The delivery driver, Michael Booth, was electrocuted and died in 2012 after his truck touched live overhead power lines at a Kenoss construction site in the Canberra suburb of Turner. Although workers had been informed not to use the area, no notification was given to visitors like Booth. There was also inadequate signage in the vicinity of the power lines, the court found.
The contractor, Kenoss, and the project manager, Munir al-Hasani, were charged with failing to provide a safe working environment and causing a risk of death or serious injury.
The prosecution put forward a case that al-Hasani was an ‘officer’ under the WHS Act and therefore failed to exercise due diligence.
Last Tuesday, however, the court cleared al-Hasani of any responsibility saying that there was not enough proof that he was actually acting as an ‘officer’ while at the company.
The WHS Act defines an ‘officer’ as a director, administrator, partner or officeholder who has “the capacity to significantly affect the financial standing of the relevant business”.
The Act also states that someone “who makes, or participates in making, decisions that affect the whole, or a substantial part, of the corporation of the business” can also be classed under the same definition.
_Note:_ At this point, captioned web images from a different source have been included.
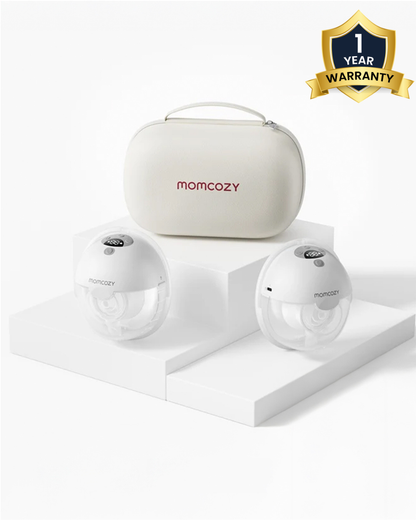 Momcozy M5 Smart Wearable Double Electric Breast Pump-Upgraded with App Control-Painless Pumping-Portable-3 Modes & 9 Suction Levels-Rechargeable-Grey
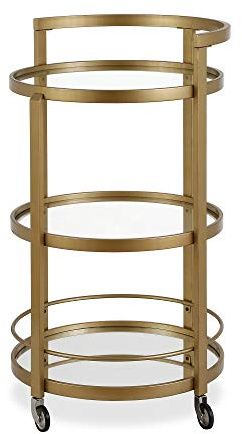 Henn&Hart 21 Wide Round Bar Cart in Brass, Bar Carts for the Home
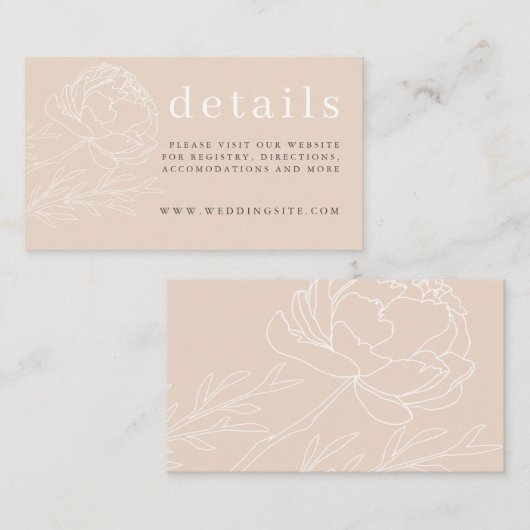 Modern Elegant Neutraal Beige Bloemen Trouwdetail Informatiekaartje (Voorkant / Achterkant)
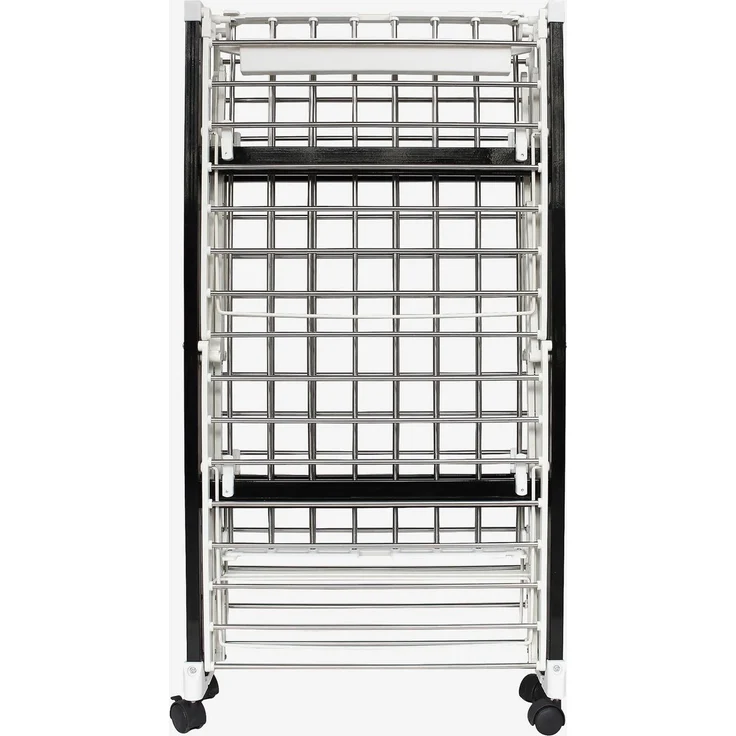 Todeco - Klappbarer Kleiderbügel, Klappbarer Wäscheständer - Material: Edelstahl - Größe der großen klappbaren Seitengitter: 49,0 x 43,2 cm (x 4 Teile) - 174 x 105 x 84 cm, Schwarz/Weiß – Bild 6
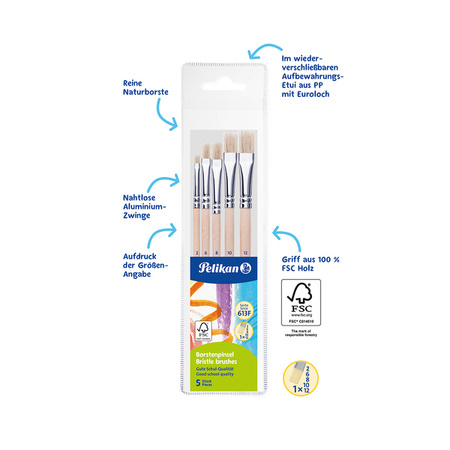 Pelikan Zestaw pędzli 5szt 2,6,8,10,12 płaskie blister 701541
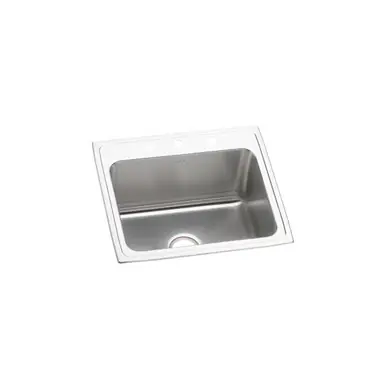 Reduced Price ELKAY DLR2521103 Lustertone Classic Stainless Steel 25" x 21-1/4" x 10-1/8", 3-Hole Single Bowl Drop-in Sink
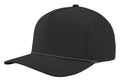 Zapped Headwear 5-panel snapback in black with white grid mesh side panel – Blackhawk R style, water repellent and customizable with leather patch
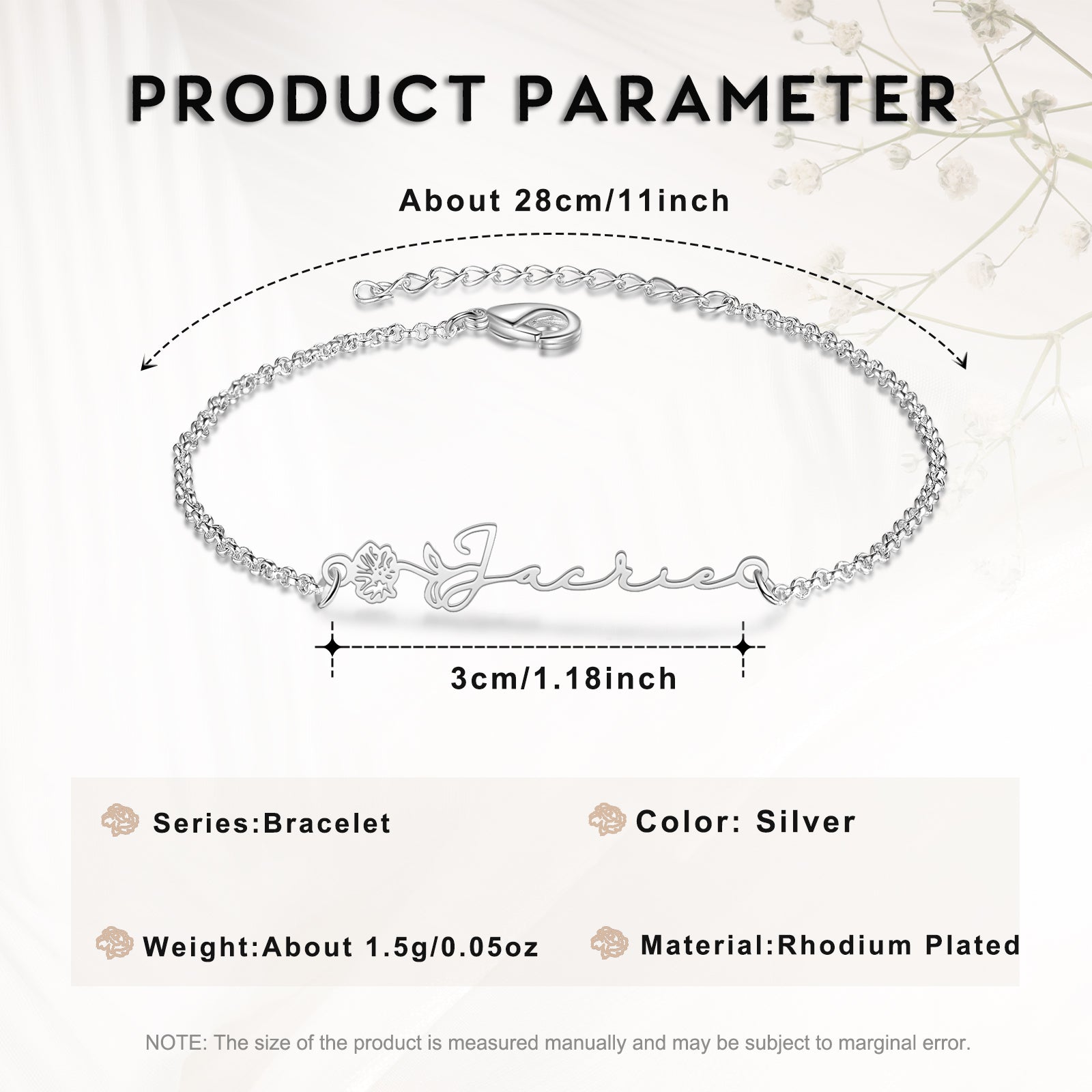 Custom Copper Birthflower Name Bracelet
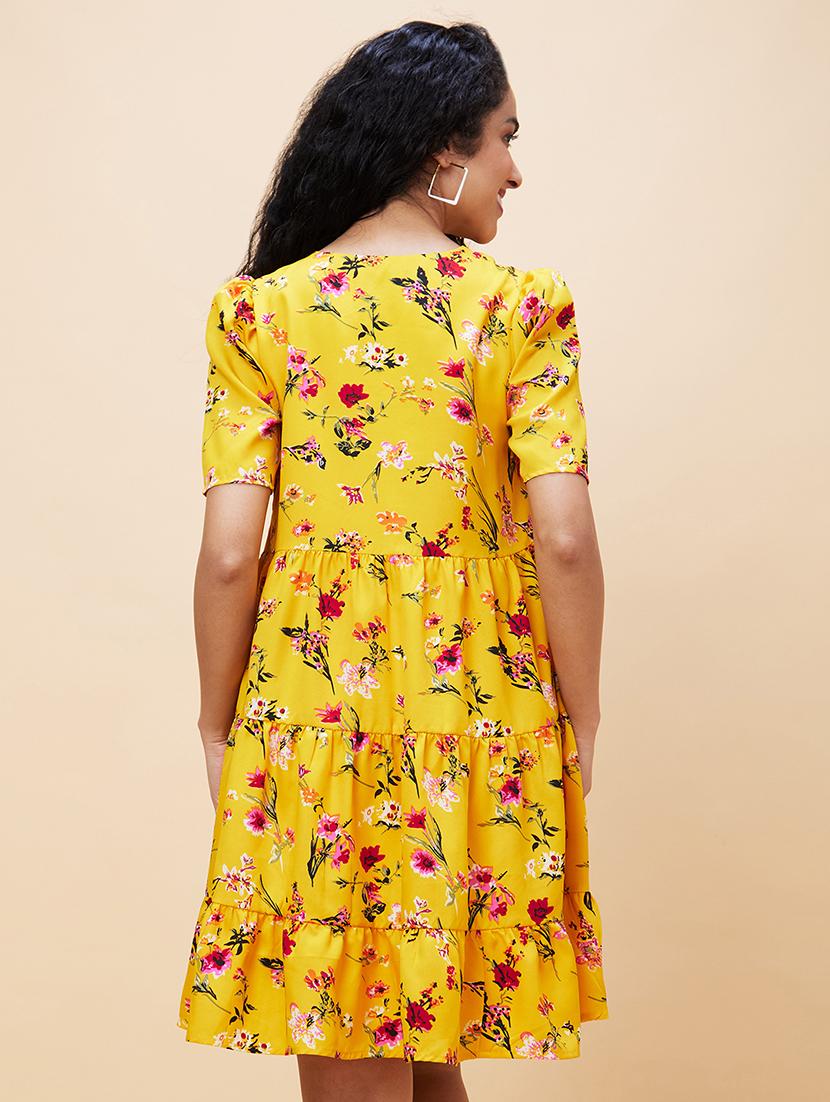 women yellow polyester tiered dress - 20301531 - Standard Image - 2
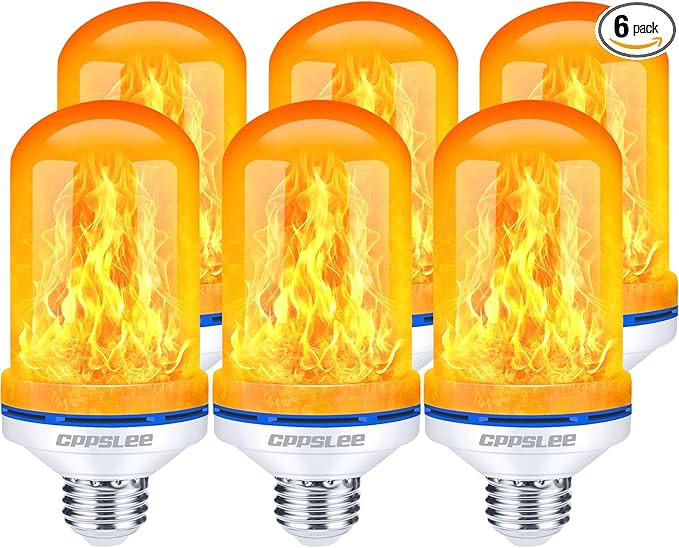 CPPSLEE Upgraded LED Flame Light Bulbs, 4 Modes Flickering Light Bulbs, E26 Base Fire Flame Bulb ... | Amazon (US)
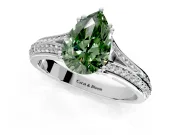 Solitaire Engagement Ring Setting for Fancy Green Pear-Shaped Center with Pave Rail Split Shank and Prong Head in White Gold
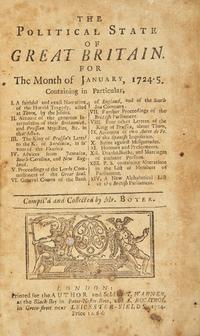 [Native-Americana] Scarce Bound Volume of 5 Issues of Early English Periodical The Political State of Great Britain , Including a Report of Native American Violence in the Colony of South Carolina, etc.
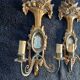 Antique Italian Firenze medallion wooden wall lights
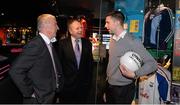 17 May 2013; Former Kerry footballers Denis 'Ogie' Moran, left, and Mcikey Ned O'Sullivan with current Kerry footballer Marc O Sé at the official unveiling of the newly-refurbished GAA Museum at Croke Park. The final phase of renovation now includes the official GAA Hall of Fame, a modern-day heroes and legends gallery, eight exciting interactive skill zones and dedicated sound booths showcasing clips from the association’s oral history archive. The museum boasts a vast collection of objects that illustrate the development of Gaelic games from ancient times to the present day.  Admission to the GAA Museum and Stadium Tour is priced at €12.00 for an adult, €8.00 for a child under 12, €32.00 for a family, 2 adults & 2 children, and €9.00 for students and senior citizens. For further information visit www.crokepark.ie/gaa-museum or www.facebook.com/CrokePark . GAA Museum, Croke Park, Dublin. Picture credit: Ray McManus / SPORTSFILE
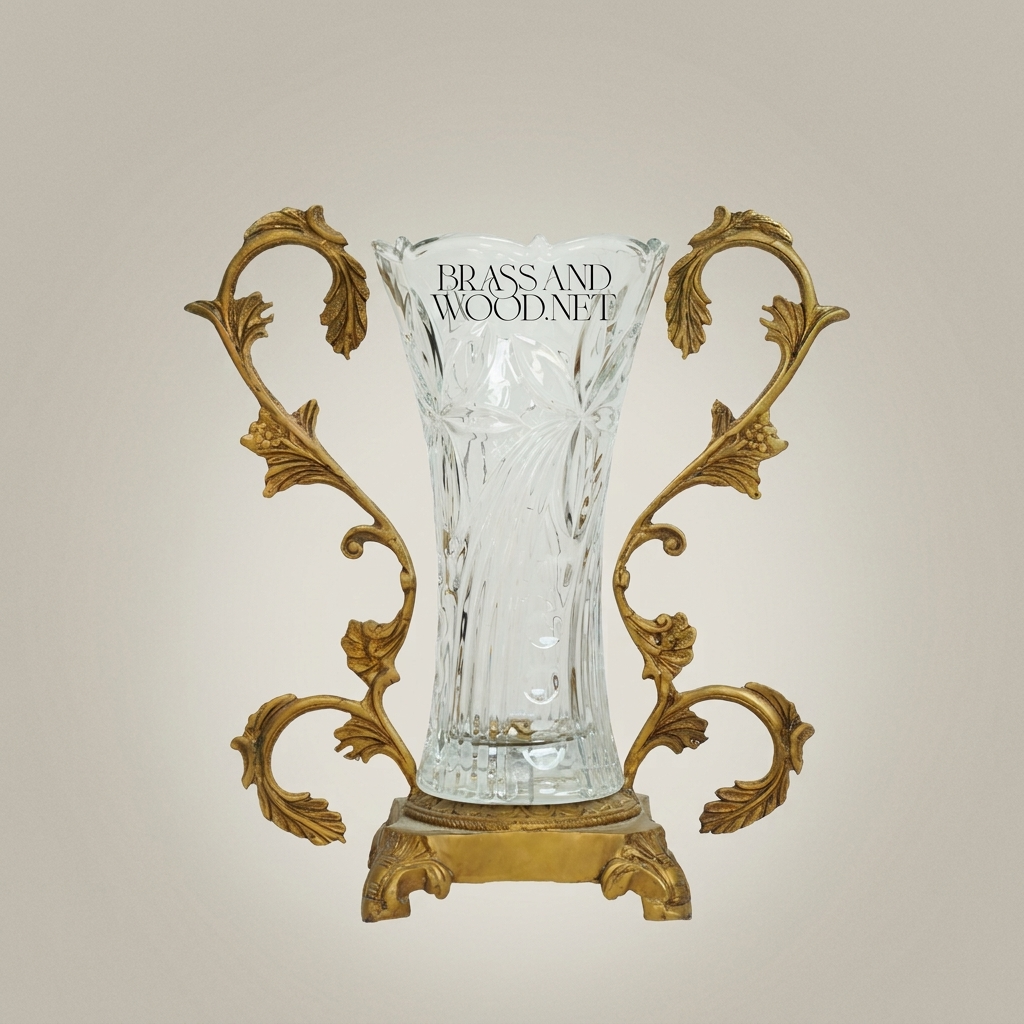 Rococo Acanthus Brass & Crystal Vase with Scrolled Foliate Stand — Antique Gold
The Court ruled that there were clear limits to the participation of al-Hasani in this case and that he played a “less significant” role in the company considering the wider organisational structure of Kenoss itself.
In order to be an ‘officer’ under the harmonised WHS Act, the court stated that the individual’s decisions must be organisational in nature, ie they must affect the wider context of the business. The responsibilities of a project manager were deemed to be operational and thus limited in scope.
This ruling places the onus on the shoulders of Kenoss and their management team. Representatives from Kenoss were due to appear with al-Hasani in court but failed to attend. The company was found guilty of clear and serious safety breaches with sentencing to be delivered on a later date.